Edna Mae: First Lesson in Prejudice

Edna Mae: First Lesson in Prejudice

From Chicken Soup for the Kid's Soul

Edna Mae: First Lesson in Prejudice

The chief cause of human errors is to be found in the prejudices picked up in childhood.

Descartes

Edna Mae was one of my best friends when I was in the first grade. When it came time for her birthday party, all the girls in the class were invited. Each day in school there was great excitement.

“What kind of cake you gonna have?” we’d ask.

“Are you gonna have games with prizes? And decorations? Birthday hats?”

Edna Mae would just smile and shake her head. “Wait and see,” she’d say. Together we counted down the days until Saturday, the date on the invitation.

Finally the day arrived. I wrapped my gift, put on my best party dress and waited what seemed like hours for my mother to say, “Time to go!”

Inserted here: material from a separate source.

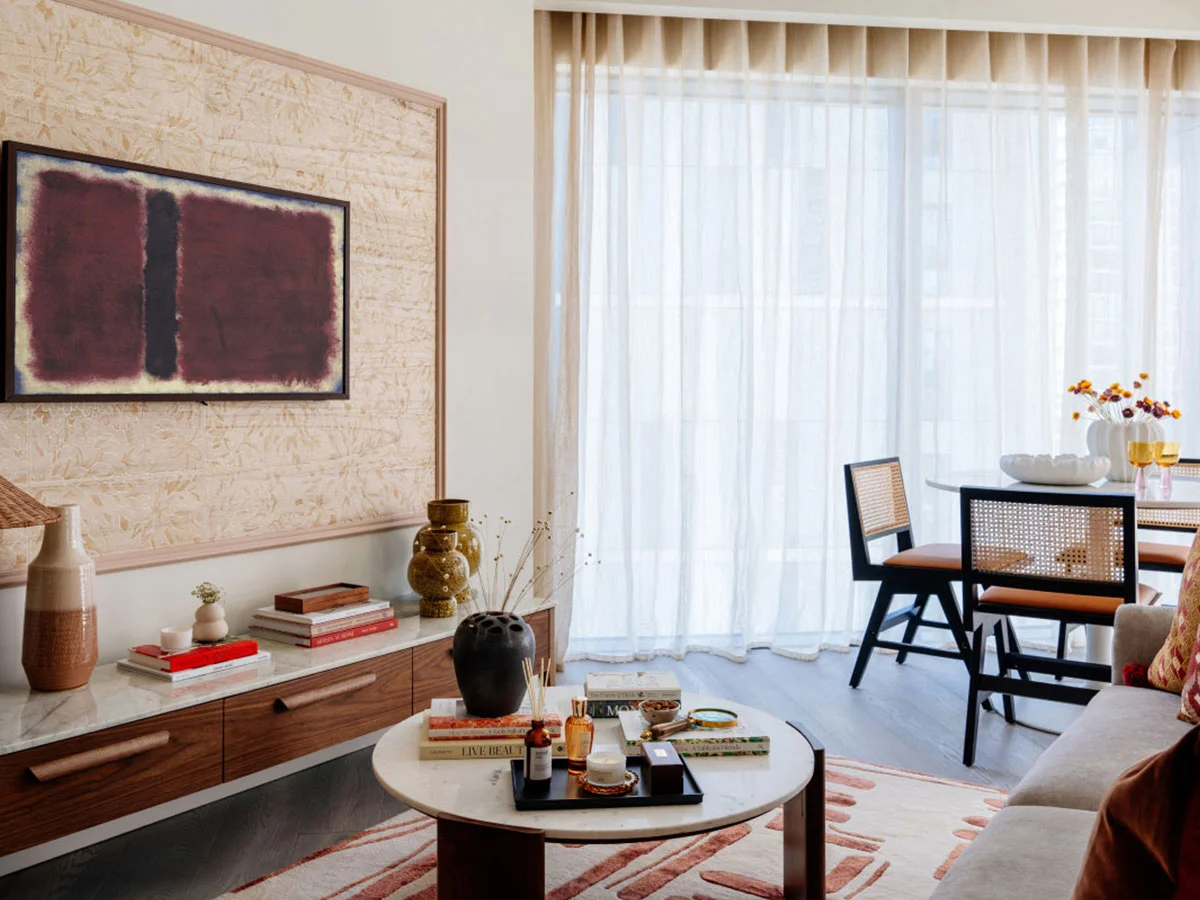 A modern living area professionally styled by InStyle Direct featuring a white marble-topped coffee table, dark wood canework dining chairs, and warm wood-effect flooring in Greenwich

I was glad that I was the first to arrive because I got to help place the candy cups all around—one for each of the twelve guests. The table was covered with a special “Happy Birthday” tablecloth with matching plates and cups. Balloons were everywhere. Streamers crisscrossed the ceiling in the hallway, the living room and especially the dining room, where the table was all set. It looked like a fairyland.

“Oh, Edna Mae! Oh, Edna Mae!” was all I could say.

Edna Mae’s mom sent us out to the front porch to wait for the other girls. Edna Mae lived on the edge of town, and most of the other girls had never been to her house before.

“Some might be having trouble finding us,” her mother said.

We sat down on the steps and waited and waited and waited. Edna Mae began to cry. I felt so awful that I didn’t know what to say. Finally her mother came out and announced, “Let the party begin!” She ushered us into the house, tied a blindfold around our eyes, put a tail with a pin in our hands and led us to the donkey taped on the wall.

“Whoever gets the tail closest to the right place wins the first super prize!” she said. My tail ended up near the donkey’s nose. Edna Mae’s tipped the right front hoof. We laughed and laughed.

Together, Edna Mae and I played all the games and shared all the prizes. We even got to eat two pieces of cake each.

In the car on the way home, I asked my mother, “Why didn’t the other girls come? Edna Mae felt so bad.”

My mother hesitated and then said sadly, “Honey, the others didn’t come because Edna Mae is black.”

“She’s not black,” I protested. “She just looks like she has a tan all year long.”

“I know, honey. But Edna Mae is not like any of the other girls in the class, and some folks are afraid of those who are different from them. People are prejudiced, honey. That’s what adults call it: prejudice.”

“Well, those girls are mean. They made Edna Mae cry. I’m never gonna be prejudiced!” I said.

My mother put her arm around me and said, “I’m glad, honey. And I’m glad that Edna Mae has a good friend like you.”